* **Task brief**: Output, word for word and without pictures, the lines from the one containing "Automatic Makeup Brush" through the final line of the listing below.

* **Data extract**:

══════════════════════════════

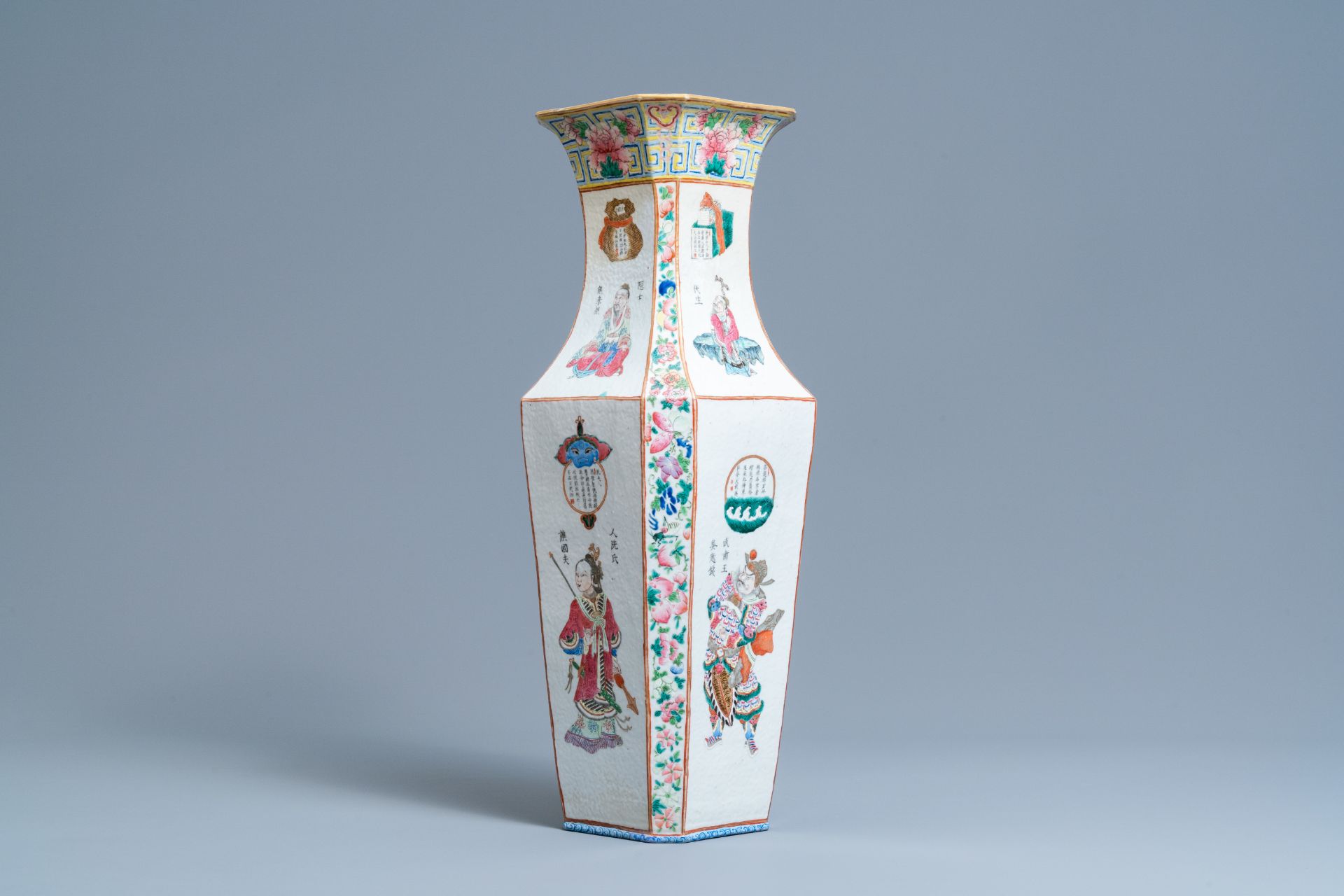 A quadrangular Chinese famille rose 'Wu Shuang Pu' vase, 19th C.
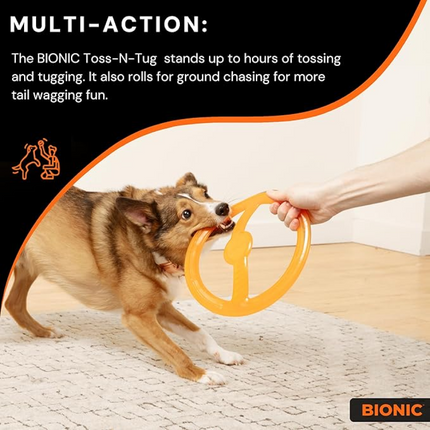 Bionic Toss N Tug Ring Toy for Dogs (Orange)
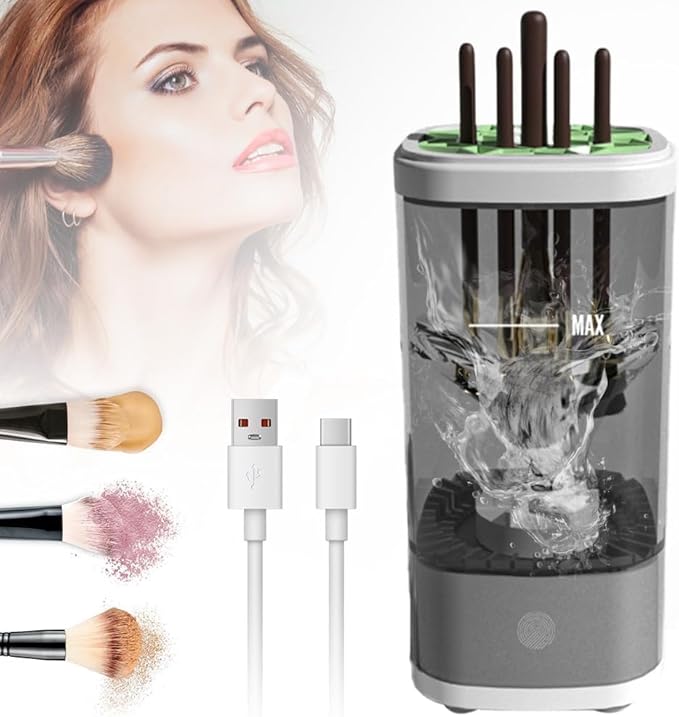 Automatic Makeup Brush Cleaner Machine - Fast Dryer & Deep Cleaning Tool for All Brush Sizes, Portable & Easy to Use.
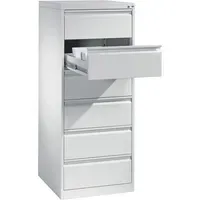 C+P C+P Karteikartenschrank zweibahnig, 6 Schubladen DIN A5 quer lichtgrau – Produktbild 3 von 3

══════════════════════════════

* **Task output**:
 Automatic Makeup Brush Cleaner Machine - Fast Dryer & Deep Cleaning Tool for All Brush Sizes, Portable & Easy to Use.
 C+P C+P Karteikartenschrank zweibahnig, 6 Schubladen DIN A5 quer lichtgrau – Produktbild 3 von 3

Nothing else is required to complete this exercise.